When the author writes about not striving for outcomes, people might think that he’s saying that it’s OK to fail, just shrug it off and move on to something else every time you do. That’s not what he’s saying at all. What he says, literally, is this: “When you make your emotional well-being dependent on the achievement of an outcome, you are investing in that outcome. You are also setting yourself up for failure, dejection and despair.”

It’s true. It’s good to have a goal. But instead of counting every day that you don’t get there as a failure, focus on the process and the joy of it and how you’re working toward getting there.

The late Hall of Fame basketball coach John Wooden was a believer in this concept of focusing on the process of how you get to an outcome rather than on the outcome itself. One of the biggest winners in sports history, he never stressed winning to his players. Instead, he told them to go out on the court and strive to give the game their absolute best. If they did that, he said, they would likely be pleased with their score compared to that of their rivals. So they gave it their all, and they won and won and won.

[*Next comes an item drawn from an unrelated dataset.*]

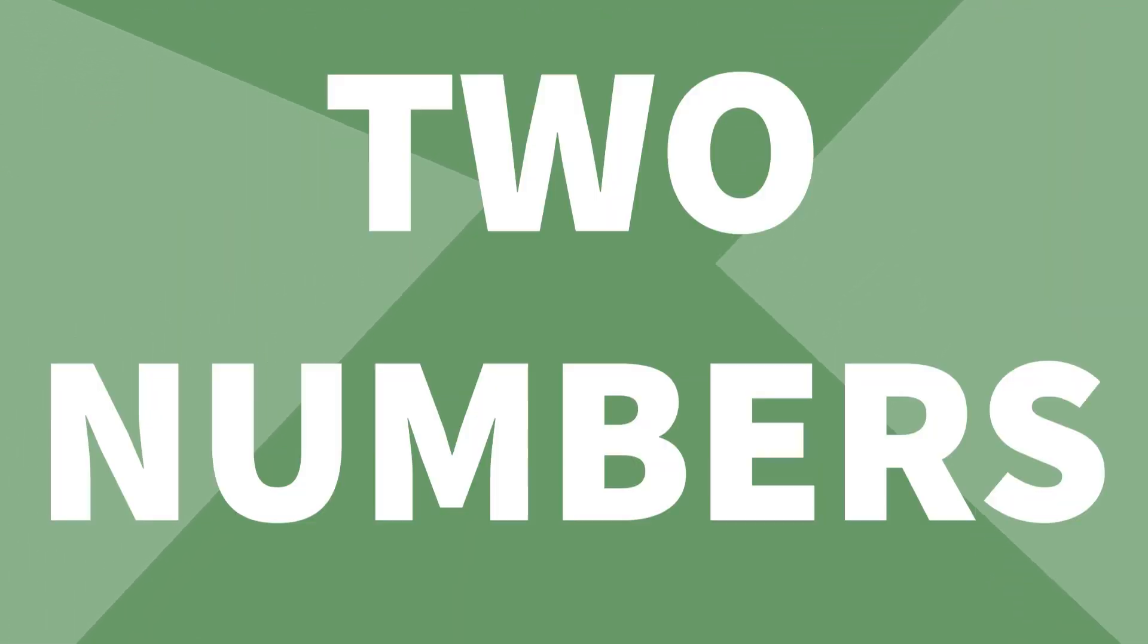In fact, it only has two numbers, 1 and 0. And that's all it needs.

The same goes for you. You can’t do better than doing your best, and there’s no feeling quite like knowing that you are striving for that every day.

Consider medicine. If you are a physician and the only way you measure your quality of care is by whether the person lives, you are going to fail. If you get caught up in that life-and-death outcome, you will always be a failure because some of your patients will die, despite you doing your absolute best to save them. Doing your best is the process. Learning from the experience is the process.

Again, Professor Rao and Coach Wooden are not saying that it’s OK to fail all the time.

A Different Perspective on Outcomes

A key piece of advice from Coach Wooden is this: “Don’t measure yourself by what you have accomplished, but by what you should have accomplished with your ability.” Keeping it in this perspective says that you know who you are and what you are capable of, and the fact that you didn’t achieve that one outcome doesn’t change who you are or what you are capable of doing. Do your best and keep plugging ahead on that journey.

Much of the reason people become so dissatisfied at work is that they focus on the outcome and not the journey of getting there. Where is that next promotion? Instead of asking this question, delve a little deeper. If you get that next promotion, will you be more satisfied? Will it ignite a passion in you that will launch you on to greater works? If you don’t get it, then where do you go from there?

The job isn’t going to make you happy, no matter what it is. You are the source of the passion. Figure out how you are going to ignite the passion for your job. Focus on the process rather than saying “if this new program gets going, then I will have passion for my job.”

Finding the Ideal Job

Professor Rao recommends that you take a few things that you truly love about your job and work over a period of months or a year to slowly make them into programs that are a part of your department or unit. In no time at all, your job will start looking as you want it to look, because through your own resilience, you are taking charge of those things you can control.

“Here’s something you need to realize: your ‘ideal job’ doesn’t exist.” Rao says. “It’s something that you craft over time, assembling the pieces as if it were a temporal jigsaw puzzle. You don’t find it. You wake up one morning and realize you’re in it.”

The key to happiness is resilience, and taking control. Take time to look at where you would like to be and what makes you happy in your job, and then put your energy into a change process that makes those things happen for you.

I’d like to leave you with one more thought from John Wooden: “Things turn out best for the people who make the best of the way things turn out.”